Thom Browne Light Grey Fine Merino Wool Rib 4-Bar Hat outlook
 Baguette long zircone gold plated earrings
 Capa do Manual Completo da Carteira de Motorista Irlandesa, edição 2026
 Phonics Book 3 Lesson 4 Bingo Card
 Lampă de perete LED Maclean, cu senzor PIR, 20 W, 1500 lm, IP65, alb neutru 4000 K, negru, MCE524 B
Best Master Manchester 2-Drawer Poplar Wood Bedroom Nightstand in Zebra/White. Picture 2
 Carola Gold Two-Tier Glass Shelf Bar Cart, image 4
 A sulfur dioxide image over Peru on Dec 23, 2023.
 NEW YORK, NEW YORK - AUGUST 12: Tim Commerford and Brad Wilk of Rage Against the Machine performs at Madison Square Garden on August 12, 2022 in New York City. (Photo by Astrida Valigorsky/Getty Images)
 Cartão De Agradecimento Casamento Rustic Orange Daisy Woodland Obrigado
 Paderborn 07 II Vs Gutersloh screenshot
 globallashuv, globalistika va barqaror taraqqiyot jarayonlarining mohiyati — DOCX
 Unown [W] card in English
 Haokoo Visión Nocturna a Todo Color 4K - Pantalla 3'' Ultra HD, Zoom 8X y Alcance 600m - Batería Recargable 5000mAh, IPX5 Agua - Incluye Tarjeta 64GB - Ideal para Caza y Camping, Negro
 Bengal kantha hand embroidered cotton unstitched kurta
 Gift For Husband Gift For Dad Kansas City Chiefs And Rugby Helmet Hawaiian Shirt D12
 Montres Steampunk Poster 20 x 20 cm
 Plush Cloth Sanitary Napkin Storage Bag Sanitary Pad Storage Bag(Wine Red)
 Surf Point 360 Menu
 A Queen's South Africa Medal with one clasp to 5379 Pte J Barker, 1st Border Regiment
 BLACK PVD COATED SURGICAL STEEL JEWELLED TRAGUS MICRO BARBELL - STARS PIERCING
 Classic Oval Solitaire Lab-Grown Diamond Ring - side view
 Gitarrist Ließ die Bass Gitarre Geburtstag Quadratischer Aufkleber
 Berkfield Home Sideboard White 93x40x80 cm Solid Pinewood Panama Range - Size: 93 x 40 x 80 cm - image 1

▬▬▬▬▬▬

• **Goal of the exercise**
Pull out each record as written and restate it exactly.

• **Result of the task**
Thom Browne Light Grey Fine Merino Wool Rib 4-Bar Hat outlook
 Baguette long zircone gold plated earrings
 Capa do Manual Completo da Carteira de Motorista Irlandesa, edição 2026
 Phonics Book 3 Lesson 4 Bingo Card
 Lampă de perete LED Maclean, cu senzor PIR, 20 W, 1500 lm, IP65, alb neutru 4000 K, negru, MCE524 B
Best Master Manchester 2-Drawer Poplar Wood Bedroom Nightstand in Zebra/White. Picture 2
 Carola Gold Two-Tier Glass Shelf Bar Cart, image 4
 A sulfur dioxide image over Peru on Dec 23, 2023.
 NEW YORK, NEW YORK - AUGUST 12: Tim Commerford and Brad Wilk of Rage Against the Machine performs at Madison Square Garden on August 12, 2022 in New York City. (Photo by Astrida Valigorsky/Getty Images)
 Cartão De Agradecimento Casamento Rustic Orange Daisy Woodland Obrigado
 Paderborn 07 II Vs Gutersloh screenshot
 globallashuv, globalistika va barqaror taraqqiyot jarayonlarining mohiyati — DOCX
 Unown [W] card in English
 Haokoo Visión Nocturna a Todo Color 4K - Pantalla 3'' Ultra HD, Zoom 8X y Alcance 600m - Batería Recargable 5000mAh, IPX5 Agua - Incluye Tarjeta 64GB - Ideal para Caza y Camping, Negro
 Bengal kantha hand embroidered cotton unstitched kurta
 Gift For Husband Gift For Dad Kansas City Chiefs And Rugby Helmet Hawaiian Shirt D12
 Montres Steampunk Poster 20 x 20 cm
 Plush Cloth Sanitary Napkin Storage Bag Sanitary Pad Storage Bag(Wine Red)
 Surf Point 360 Menu
 A Queen's South Africa Medal with one clasp to 5379 Pte J Barker, 1st Border Regiment
 BLACK PVD COATED SURGICAL STEEL JEWELLED TRAGUS MICRO BARBELL - STARS PIERCING
 Classic Oval Solitaire Lab-Grown Diamond Ring - side view
 Gitarrist Ließ die Bass Gitarre Geburtstag Quadratischer Aufkleber
 Berkfield Home Sideboard White 93x40x80 cm Solid Pinewood Panama Range - Size: 93 x 40 x 80 cm - image 1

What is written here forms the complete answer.